Goal of the exercise:
Identify every line in the records below that contains the word "Photo", and copy each of those lines.

Input for this task:

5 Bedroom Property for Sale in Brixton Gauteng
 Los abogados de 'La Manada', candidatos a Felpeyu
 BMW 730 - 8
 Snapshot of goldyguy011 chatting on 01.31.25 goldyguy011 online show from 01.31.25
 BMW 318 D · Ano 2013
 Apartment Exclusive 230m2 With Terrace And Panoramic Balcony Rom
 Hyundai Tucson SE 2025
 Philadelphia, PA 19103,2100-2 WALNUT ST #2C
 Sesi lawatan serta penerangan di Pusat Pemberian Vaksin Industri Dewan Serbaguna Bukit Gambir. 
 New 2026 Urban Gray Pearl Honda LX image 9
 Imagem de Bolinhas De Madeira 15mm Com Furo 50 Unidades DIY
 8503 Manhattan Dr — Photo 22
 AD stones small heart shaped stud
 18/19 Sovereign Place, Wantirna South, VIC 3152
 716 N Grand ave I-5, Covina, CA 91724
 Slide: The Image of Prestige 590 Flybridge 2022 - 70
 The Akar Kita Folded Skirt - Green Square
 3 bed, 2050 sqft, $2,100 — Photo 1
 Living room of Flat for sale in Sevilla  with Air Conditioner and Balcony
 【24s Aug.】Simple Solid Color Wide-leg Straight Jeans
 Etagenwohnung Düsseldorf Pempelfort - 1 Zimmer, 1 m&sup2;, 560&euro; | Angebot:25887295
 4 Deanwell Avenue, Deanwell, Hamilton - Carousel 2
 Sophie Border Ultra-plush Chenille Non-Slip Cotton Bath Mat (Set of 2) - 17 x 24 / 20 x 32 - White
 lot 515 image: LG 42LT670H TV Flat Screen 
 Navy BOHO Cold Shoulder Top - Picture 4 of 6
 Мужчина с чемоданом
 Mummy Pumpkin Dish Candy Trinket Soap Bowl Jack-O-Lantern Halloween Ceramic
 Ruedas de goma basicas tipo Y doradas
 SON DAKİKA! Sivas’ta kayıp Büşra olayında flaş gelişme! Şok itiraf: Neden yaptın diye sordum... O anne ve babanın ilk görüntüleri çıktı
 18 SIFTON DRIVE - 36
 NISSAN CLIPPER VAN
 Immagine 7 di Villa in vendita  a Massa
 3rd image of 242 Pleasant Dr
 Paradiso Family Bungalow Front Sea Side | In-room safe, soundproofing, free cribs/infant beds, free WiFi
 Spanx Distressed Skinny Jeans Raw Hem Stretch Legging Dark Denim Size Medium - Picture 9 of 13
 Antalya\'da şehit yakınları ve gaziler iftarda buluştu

Answer space:
 8503 Manhattan Dr — Photo 22
 3 bed, 2050 sqft, $2,100 — Photo 1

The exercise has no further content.